0ABC Actos festivos y ajusticiamientos tenían lugar en la Plaza Mayor. En la imagen, el Rey Carlos II y su madre Doña Mariana presidiendo desde el balcón central de la Casa de la Panadería una corrida de toros

TEXTO: MABEL AMADO

MADRID. El recorrido, a pie o en carreta, era corto. Desde el Palacio de Santa Cruz -entonces Cárcel de Corte- hasta la Plaza Mayor, los condenados a muerte repasaban sus vidas y los más rezaban sus últimas plegarias. Hasta fines del siglo XVIII -fecha en la que se trasladó el lugar a la plaza de la Cebada- fue punto de llegada del fatídico viaje sin retorno hacia la horca -la mayoría de las veces-, el garrote vil o la hoguera.

Y según el arma se elegía el lugar: el cadalso de la horca se levantaba delante del portal de Paños, el de los degollados frente a la Casa de la Carnicería y para los que sucumbían en el garrote vil se elegía la Casa de la Panadería.

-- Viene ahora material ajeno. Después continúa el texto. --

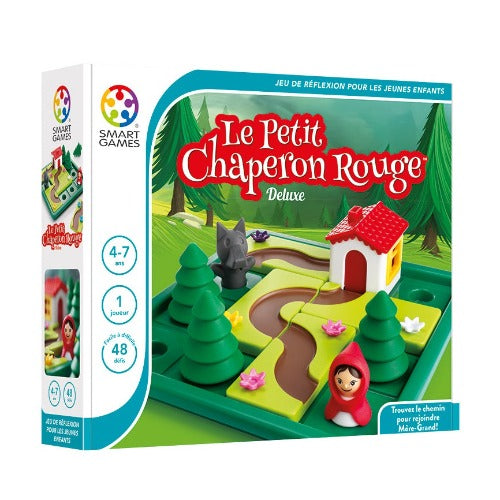 Le Petit Chaperon Rouge Deluxe - Jeu de logique évolutive - 48 défis à solutionner - Smart Games - Devant de la boîte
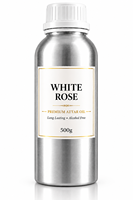Huile d'Attar de Rose Blanche Premium 500g, Parfum Unisexe de Luxe Longue Durée Sans Alcool du Maharashtra pour Application Corporelle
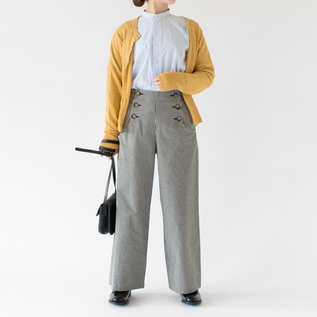 コットンリネンマリンパンツ／Le minor （ルミノア）｜愛着を持って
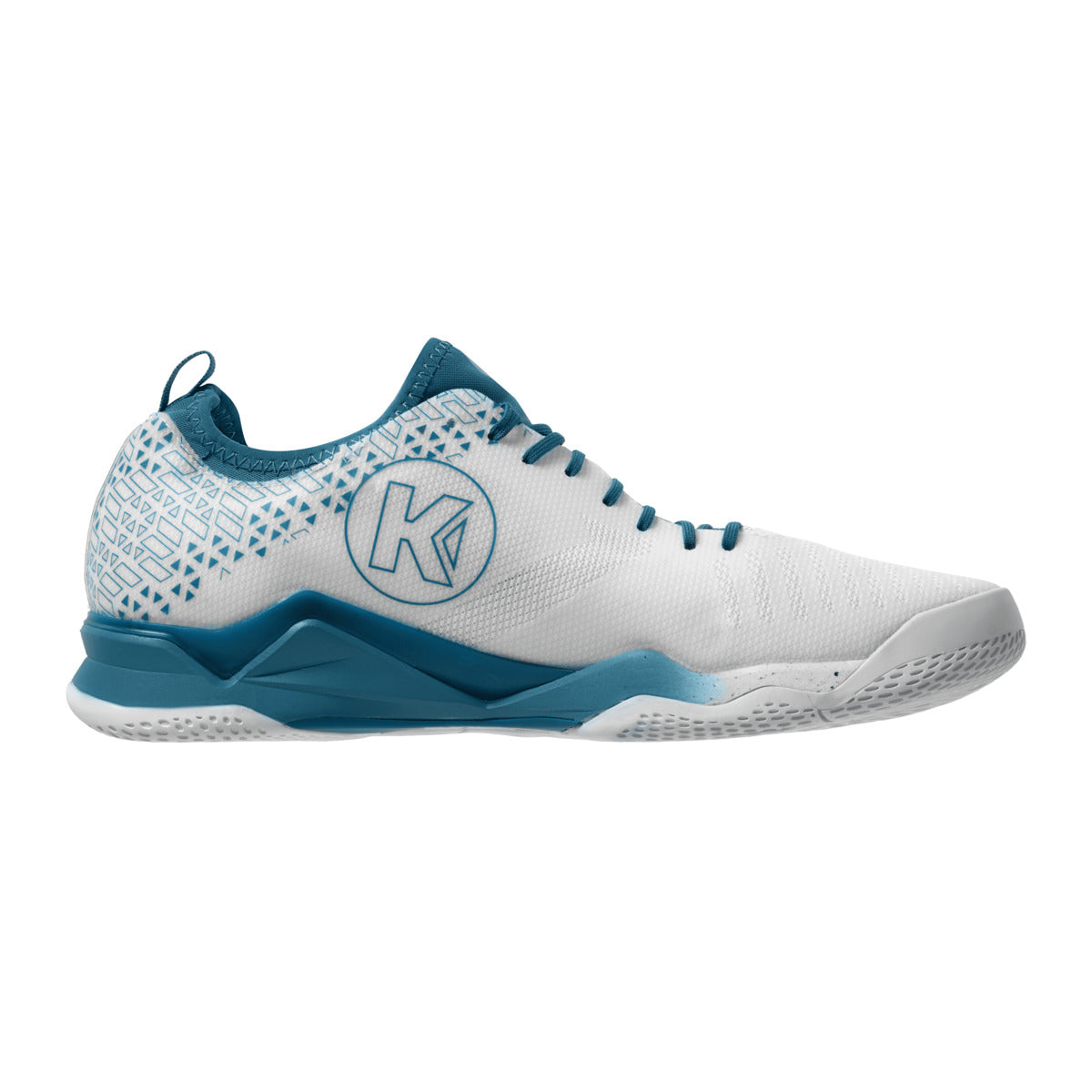 Sapatilhas de Andebol Kempa Wing Lite 2.0 – Branco e Azul-petróleo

Y es que este popular centro de la ciudad, primero conocido como plaza del Arrabal y después plaza Real, de la Constitución, de la República y, finalmente, Mayor, compaginaba en el siglo XVII sus actos festivos -entronizaciones, beatificaciones, corridas de toros, duelos, justas poéticas...- con las ejecuciones más espeluznantes.

Como recordaba Federico Bravo Morata en su «Historia de Madrid», los condenados eran de toda clase y condición, desde un pilló que fingía ser sacerdote a un peligroso espía, pasando por un ajusticiamiento múltiple por agravios al Cristo de la Paciencia.

Autos de fe

Incluso fue famoso el proceso contra Rodrigo Calderón, marqués de Sieteiglesias, acusado en 1621 de todo tipo de delitos, desde hechicería a asesinatos. Aunque murió degollado, el pueblo recordó su altivez con la conocida frase: «Tiene más orgullo que don Rodrigo en la horca».

Estos autos de fe conllevaban una gran parafernalia de vestidos, hábitos penitenciales, velas, alfombras y hasta avituallamiento. No en vano se prolongaban durante muchas horas y, en algunos casos, reunían a tribunales de varias provincias. Para la mayoría de los reos el final era el mismo, la condena a muerte; sólo unos pocos, tras la pena de azotes, eran enviados de por vida a galeras. Era, pues, lugar donde aplicar justicia y quizá por esa causa la leyenda liga su pintoresco entorno a historias diabólicas y fantasmales. Es el caso de un pavoroso incendio -uno de tantos que asoló la castiza plaza- que tuvo lugar en una madrugada veraniega del año 1631. Las crónicas de entonces, a sabiendas de los dos focos de fuego, atribuyeron a «muchos demonios, pues algunos los oyeron», la autoría. Durante tres días y tres noches la plaza ardió, y con ella más de cincuenta casas. Finalmente, la «intervención divina» -los vecinos y congregaciones llevaron hasta el lugar las imágenes religiosas que consideraban más milagrosas- acabó con el incendio.

Otras veces, en vez de demonios los aparecidos eran fantasmas que, al igual que los reos que transitaron por la plaza, lanzaban lamentos y quejidos e, incluso, los espíritus de los que perecieron en los sucesivos incendios.

Así, mezclando historias festivas y acontecimientos luctuosos, la Plaza Mayor pasó los años hasta convertirse hoy, en pleno siglo XXI, en uno de los lugares más visitados de todo Madrid y en centro inaugural de las fiestas más representativas de la Villa. El balcón de su Casa de la Panadería -con su mural exquisitamente restaurado- así lo atestigua.